BEGIN Provided material
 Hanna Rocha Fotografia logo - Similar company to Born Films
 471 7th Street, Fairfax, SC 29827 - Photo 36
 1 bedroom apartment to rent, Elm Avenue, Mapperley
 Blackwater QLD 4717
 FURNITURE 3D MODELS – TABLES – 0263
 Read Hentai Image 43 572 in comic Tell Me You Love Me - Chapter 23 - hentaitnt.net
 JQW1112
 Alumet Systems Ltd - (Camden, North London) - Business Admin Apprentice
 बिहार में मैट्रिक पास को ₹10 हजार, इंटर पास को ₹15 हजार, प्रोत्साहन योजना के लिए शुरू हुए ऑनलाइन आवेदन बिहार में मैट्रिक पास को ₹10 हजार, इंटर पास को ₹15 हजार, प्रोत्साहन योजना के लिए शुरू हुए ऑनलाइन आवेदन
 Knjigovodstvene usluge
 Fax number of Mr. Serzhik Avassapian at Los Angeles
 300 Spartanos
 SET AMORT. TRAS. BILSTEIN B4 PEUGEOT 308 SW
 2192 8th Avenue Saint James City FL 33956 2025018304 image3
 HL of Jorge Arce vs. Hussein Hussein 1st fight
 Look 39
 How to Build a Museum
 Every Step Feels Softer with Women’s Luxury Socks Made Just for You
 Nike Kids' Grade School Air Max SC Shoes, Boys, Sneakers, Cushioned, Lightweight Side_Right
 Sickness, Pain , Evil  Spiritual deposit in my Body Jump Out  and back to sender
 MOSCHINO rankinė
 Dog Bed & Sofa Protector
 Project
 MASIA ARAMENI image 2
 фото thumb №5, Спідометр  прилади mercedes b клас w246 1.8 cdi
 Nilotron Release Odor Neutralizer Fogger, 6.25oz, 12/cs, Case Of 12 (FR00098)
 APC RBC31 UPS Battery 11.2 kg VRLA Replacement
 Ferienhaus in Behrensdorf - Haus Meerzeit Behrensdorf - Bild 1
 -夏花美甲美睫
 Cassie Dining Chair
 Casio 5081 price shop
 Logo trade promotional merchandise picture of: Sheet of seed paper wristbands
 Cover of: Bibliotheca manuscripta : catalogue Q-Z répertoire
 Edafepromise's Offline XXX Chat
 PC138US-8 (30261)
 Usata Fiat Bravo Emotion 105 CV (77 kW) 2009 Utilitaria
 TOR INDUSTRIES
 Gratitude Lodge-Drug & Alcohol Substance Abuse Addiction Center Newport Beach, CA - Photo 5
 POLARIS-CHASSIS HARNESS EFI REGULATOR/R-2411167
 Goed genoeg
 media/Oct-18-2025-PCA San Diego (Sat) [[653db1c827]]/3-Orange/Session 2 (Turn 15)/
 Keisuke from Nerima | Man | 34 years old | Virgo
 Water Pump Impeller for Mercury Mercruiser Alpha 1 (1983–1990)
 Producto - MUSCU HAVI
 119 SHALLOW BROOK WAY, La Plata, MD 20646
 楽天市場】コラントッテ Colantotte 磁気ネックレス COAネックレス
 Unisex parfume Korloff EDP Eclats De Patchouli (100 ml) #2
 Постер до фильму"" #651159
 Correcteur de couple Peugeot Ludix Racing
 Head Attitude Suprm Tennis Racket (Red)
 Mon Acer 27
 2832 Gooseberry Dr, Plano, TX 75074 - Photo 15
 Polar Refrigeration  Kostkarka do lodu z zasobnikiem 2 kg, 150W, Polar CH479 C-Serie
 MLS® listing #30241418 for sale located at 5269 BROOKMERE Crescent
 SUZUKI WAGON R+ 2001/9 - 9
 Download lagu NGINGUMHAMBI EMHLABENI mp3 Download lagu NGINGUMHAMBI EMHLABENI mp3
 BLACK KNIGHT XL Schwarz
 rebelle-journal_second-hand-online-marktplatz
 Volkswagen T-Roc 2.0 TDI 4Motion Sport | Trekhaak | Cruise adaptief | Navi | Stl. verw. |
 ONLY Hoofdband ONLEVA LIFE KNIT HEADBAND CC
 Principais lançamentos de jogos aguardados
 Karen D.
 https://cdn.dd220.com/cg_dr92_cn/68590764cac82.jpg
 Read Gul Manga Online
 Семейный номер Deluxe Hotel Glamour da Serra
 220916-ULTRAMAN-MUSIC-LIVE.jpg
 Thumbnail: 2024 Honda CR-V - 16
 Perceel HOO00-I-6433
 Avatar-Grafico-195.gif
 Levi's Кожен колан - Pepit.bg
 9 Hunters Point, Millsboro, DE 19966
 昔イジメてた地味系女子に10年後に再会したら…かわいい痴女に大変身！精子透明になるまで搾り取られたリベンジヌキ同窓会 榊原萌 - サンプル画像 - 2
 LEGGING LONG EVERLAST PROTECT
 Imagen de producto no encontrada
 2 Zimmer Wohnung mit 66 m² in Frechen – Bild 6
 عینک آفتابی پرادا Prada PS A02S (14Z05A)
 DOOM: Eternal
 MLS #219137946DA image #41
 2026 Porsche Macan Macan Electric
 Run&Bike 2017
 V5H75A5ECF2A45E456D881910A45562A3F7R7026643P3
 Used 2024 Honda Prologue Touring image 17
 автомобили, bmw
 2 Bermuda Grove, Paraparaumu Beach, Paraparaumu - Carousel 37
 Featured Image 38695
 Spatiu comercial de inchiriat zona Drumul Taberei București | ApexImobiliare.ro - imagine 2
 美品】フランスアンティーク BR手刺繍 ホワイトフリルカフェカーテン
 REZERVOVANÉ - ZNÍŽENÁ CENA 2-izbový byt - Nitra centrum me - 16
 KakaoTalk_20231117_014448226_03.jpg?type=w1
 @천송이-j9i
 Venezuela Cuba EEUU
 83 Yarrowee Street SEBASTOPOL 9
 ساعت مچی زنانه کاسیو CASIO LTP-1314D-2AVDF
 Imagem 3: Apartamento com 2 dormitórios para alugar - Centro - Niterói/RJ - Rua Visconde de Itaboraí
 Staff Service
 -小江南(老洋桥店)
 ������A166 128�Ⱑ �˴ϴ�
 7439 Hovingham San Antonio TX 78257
END Provided material
Exercise instructions>
Beginning with the line above that contains "TOR INDUSTRIES", copy each line exactly up to and including the line that contains "Run&Bike 2017", and go no further.

Output>
 TOR INDUSTRIES
 Gratitude Lodge-Drug & Alcohol Substance Abuse Addiction Center Newport Beach, CA - Photo 5
 POLARIS-CHASSIS HARNESS EFI REGULATOR/R-2411167
 Goed genoeg
 media/Oct-18-2025-PCA San Diego (Sat) [[653db1c827]]/3-Orange/Session 2 (Turn 15)/
 Keisuke from Nerima | Man | 34 years old | Virgo
 Water Pump Impeller for Mercury Mercruiser Alpha 1 (1983–1990)
 Producto - MUSCU HAVI
 119 SHALLOW BROOK WAY, La Plata, MD 20646
 楽天市場】コラントッテ Colantotte 磁気ネックレス COAネックレス
 Unisex parfume Korloff EDP Eclats De Patchouli (100 ml) #2
 Постер до фильму"" #651159
 Correcteur de couple Peugeot Ludix Racing
 Head Attitude Suprm Tennis Racket (Red)
 Mon Acer 27
 2832 Gooseberry Dr, Plano, TX 75074 - Photo 15
 Polar Refrigeration  Kostkarka do lodu z zasobnikiem 2 kg, 150W, Polar CH479 C-Serie
 MLS® listing #30241418 for sale located at 5269 BROOKMERE Crescent
 SUZUKI WAGON R+ 2001/9 - 9
 Download lagu NGINGUMHAMBI EMHLABENI mp3 Download lagu NGINGUMHAMBI EMHLABENI mp3
 BLACK KNIGHT XL Schwarz
 rebelle-journal_second-hand-online-marktplatz
 Volkswagen T-Roc 2.0 TDI 4Motion Sport | Trekhaak | Cruise adaptief | Navi | Stl. verw. |
 ONLY Hoofdband ONLEVA LIFE KNIT HEADBAND CC
 Principais lançamentos de jogos aguardados
 Karen D.
 https://cdn.dd220.com/cg_dr92_cn/68590764cac82.jpg
 Read Gul Manga Online
 Семейный номер Deluxe Hotel Glamour da Serra
 220916-ULTRAMAN-MUSIC-LIVE.jpg
 Thumbnail: 2024 Honda CR-V - 16
 Perceel HOO00-I-6433
 Avatar-Grafico-195.gif
 Levi's Кожен колан - Pepit.bg
 9 Hunters Point, Millsboro, DE 19966
 昔イジメてた地味系女子に10年後に再会したら…かわいい痴女に大変身！精子透明になるまで搾り取られたリベンジヌキ同窓会 榊原萌 - サンプル画像 - 2
 LEGGING LONG EVERLAST PROTECT
 Imagen de producto no encontrada
 2 Zimmer Wohnung mit 66 m² in Frechen – Bild 6
 عینک آفتابی پرادا Prada PS A02S (14Z05A)
 DOOM: Eternal
 MLS #219137946DA image #41
 2026 Porsche Macan Macan Electric
 Run&Bike 2017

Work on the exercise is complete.